[Opening MATERIAL SHOWN section]

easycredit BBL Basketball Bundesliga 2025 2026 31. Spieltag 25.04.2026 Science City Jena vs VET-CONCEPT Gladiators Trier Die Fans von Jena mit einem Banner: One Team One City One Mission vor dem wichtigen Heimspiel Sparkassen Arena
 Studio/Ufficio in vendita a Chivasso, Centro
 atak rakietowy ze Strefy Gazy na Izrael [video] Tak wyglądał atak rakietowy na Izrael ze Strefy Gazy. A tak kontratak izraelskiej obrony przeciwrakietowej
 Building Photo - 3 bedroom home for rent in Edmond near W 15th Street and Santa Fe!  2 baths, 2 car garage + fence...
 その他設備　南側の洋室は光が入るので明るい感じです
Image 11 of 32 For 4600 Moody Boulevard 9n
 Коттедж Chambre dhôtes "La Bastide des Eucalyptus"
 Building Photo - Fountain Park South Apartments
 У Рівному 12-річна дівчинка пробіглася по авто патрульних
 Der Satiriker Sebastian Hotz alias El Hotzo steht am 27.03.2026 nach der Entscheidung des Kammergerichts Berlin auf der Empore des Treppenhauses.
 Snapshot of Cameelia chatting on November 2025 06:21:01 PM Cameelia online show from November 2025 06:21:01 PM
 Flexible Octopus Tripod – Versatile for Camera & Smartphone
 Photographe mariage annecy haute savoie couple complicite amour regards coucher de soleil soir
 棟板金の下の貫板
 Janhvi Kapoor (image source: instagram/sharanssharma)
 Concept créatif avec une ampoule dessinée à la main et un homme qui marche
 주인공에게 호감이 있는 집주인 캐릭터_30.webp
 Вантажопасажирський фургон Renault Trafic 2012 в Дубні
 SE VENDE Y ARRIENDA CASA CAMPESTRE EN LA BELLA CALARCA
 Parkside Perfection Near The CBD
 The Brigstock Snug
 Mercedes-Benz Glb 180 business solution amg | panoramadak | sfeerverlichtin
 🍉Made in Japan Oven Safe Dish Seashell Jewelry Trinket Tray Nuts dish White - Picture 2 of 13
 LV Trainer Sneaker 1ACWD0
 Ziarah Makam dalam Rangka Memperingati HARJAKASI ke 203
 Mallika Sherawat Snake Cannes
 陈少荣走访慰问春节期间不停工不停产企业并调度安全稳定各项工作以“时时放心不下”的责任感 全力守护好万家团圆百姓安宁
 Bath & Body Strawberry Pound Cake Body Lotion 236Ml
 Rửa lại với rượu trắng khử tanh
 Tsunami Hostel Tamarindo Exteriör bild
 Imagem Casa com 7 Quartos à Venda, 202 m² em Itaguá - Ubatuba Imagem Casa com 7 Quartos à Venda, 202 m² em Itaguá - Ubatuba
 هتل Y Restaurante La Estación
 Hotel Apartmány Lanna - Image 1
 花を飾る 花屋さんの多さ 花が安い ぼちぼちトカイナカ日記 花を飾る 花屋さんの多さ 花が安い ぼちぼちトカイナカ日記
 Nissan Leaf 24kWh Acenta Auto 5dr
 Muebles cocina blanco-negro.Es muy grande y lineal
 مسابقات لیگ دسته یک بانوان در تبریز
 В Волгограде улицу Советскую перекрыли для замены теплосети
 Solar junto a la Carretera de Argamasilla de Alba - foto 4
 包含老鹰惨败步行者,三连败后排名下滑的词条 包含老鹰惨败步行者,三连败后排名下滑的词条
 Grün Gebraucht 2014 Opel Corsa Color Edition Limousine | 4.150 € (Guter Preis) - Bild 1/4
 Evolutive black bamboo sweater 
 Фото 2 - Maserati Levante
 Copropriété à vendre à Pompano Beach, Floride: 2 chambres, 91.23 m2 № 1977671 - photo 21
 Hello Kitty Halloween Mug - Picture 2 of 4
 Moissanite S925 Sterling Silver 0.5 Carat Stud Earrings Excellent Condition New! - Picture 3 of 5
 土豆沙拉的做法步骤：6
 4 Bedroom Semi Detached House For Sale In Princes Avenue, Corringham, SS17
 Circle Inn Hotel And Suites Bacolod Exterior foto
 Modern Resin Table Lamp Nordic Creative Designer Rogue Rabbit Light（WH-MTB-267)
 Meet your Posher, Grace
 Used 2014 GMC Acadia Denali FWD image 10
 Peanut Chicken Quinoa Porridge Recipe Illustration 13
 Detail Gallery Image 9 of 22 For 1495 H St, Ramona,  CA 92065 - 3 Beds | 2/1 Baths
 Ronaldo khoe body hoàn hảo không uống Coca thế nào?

[Closing MATERIAL SHOWN section]

#### ASSIGNED TASK
Each of the lines above should be printed again precisely as it reads.

#### TASK RESPONSE
easycredit BBL Basketball Bundesliga 2025 2026 31. Spieltag 25.04.2026 Science City Jena vs VET-CONCEPT Gladiators Trier Die Fans von Jena mit einem Banner: One Team One City One Mission vor dem wichtigen Heimspiel Sparkassen Arena
 Studio/Ufficio in vendita a Chivasso, Centro
 atak rakietowy ze Strefy Gazy na Izrael [video] Tak wyglądał atak rakietowy na Izrael ze Strefy Gazy. A tak kontratak izraelskiej obrony przeciwrakietowej
 Building Photo - 3 bedroom home for rent in Edmond near W 15th Street and Santa Fe!  2 baths, 2 car garage + fence...
 その他設備　南側の洋室は光が入るので明るい感じです
Image 11 of 32 For 4600 Moody Boulevard 9n
 Коттедж Chambre dhôtes "La Bastide des Eucalyptus"
 Building Photo - Fountain Park South Apartments
 У Рівному 12-річна дівчинка пробіглася по авто патрульних
 Der Satiriker Sebastian Hotz alias El Hotzo steht am 27.03.2026 nach der Entscheidung des Kammergerichts Berlin auf der Empore des Treppenhauses.
 Snapshot of Cameelia chatting on November 2025 06:21:01 PM Cameelia online show from November 2025 06:21:01 PM
 Flexible Octopus Tripod – Versatile for Camera & Smartphone
 Photographe mariage annecy haute savoie couple complicite amour regards coucher de soleil soir
 棟板金の下の貫板
 Janhvi Kapoor (image source: instagram/sharanssharma)
 Concept créatif avec une ampoule dessinée à la main et un homme qui marche
 주인공에게 호감이 있는 집주인 캐릭터_30.webp
 Вантажопасажирський фургон Renault Trafic 2012 в Дубні
 SE VENDE Y ARRIENDA CASA CAMPESTRE EN LA BELLA CALARCA
 Parkside Perfection Near The CBD
 The Brigstock Snug
 Mercedes-Benz Glb 180 business solution amg | panoramadak | sfeerverlichtin
 🍉Made in Japan Oven Safe Dish Seashell Jewelry Trinket Tray Nuts dish White - Picture 2 of 13
 LV Trainer Sneaker 1ACWD0
 Ziarah Makam dalam Rangka Memperingati HARJAKASI ke 203
 Mallika Sherawat Snake Cannes
 陈少荣走访慰问春节期间不停工不停产企业并调度安全稳定各项工作以“时时放心不下”的责任感 全力守护好万家团圆百姓安宁
 Bath & Body Strawberry Pound Cake Body Lotion 236Ml
 Rửa lại với rượu trắng khử tanh
 Tsunami Hostel Tamarindo Exteriör bild
 Imagem Casa com 7 Quartos à Venda, 202 m² em Itaguá - Ubatuba Imagem Casa com 7 Quartos à Venda, 202 m² em Itaguá - Ubatuba
 هتل Y Restaurante La Estación
 Hotel Apartmány Lanna - Image 1
 花を飾る 花屋さんの多さ 花が安い ぼちぼちトカイナカ日記 花を飾る 花屋さんの多さ 花が安い ぼちぼちトカイナカ日記
 Nissan Leaf 24kWh Acenta Auto 5dr
 Muebles cocina blanco-negro.Es muy grande y lineal
 مسابقات لیگ دسته یک بانوان در تبریز
 В Волгограде улицу Советскую перекрыли для замены теплосети
 Solar junto a la Carretera de Argamasilla de Alba - foto 4
 包含老鹰惨败步行者,三连败后排名下滑的词条 包含老鹰惨败步行者,三连败后排名下滑的词条
 Grün Gebraucht 2014 Opel Corsa Color Edition Limousine | 4.150 € (Guter Preis) - Bild 1/4
 Evolutive black bamboo sweater 
 Фото 2 - Maserati Levante
 Copropriété à vendre à Pompano Beach, Floride: 2 chambres, 91.23 m2 № 1977671 - photo 21
 Hello Kitty Halloween Mug - Picture 2 of 4
 Moissanite S925 Sterling Silver 0.5 Carat Stud Earrings Excellent Condition New! - Picture 3 of 5
 土豆沙拉的做法步骤：6
 4 Bedroom Semi Detached House For Sale In Princes Avenue, Corringham, SS17
 Circle Inn Hotel And Suites Bacolod Exterior foto
 Modern Resin Table Lamp Nordic Creative Designer Rogue Rabbit Light（WH-MTB-267)
 Meet your Posher, Grace
 Used 2014 GMC Acadia Denali FWD image 10
 Peanut Chicken Quinoa Porridge Recipe Illustration 13
 Detail Gallery Image 9 of 22 For 1495 H St, Ramona,  CA 92065 - 3 Beds | 2/1 Baths
 Ronaldo khoe body hoàn hảo không uống Coca thế nào?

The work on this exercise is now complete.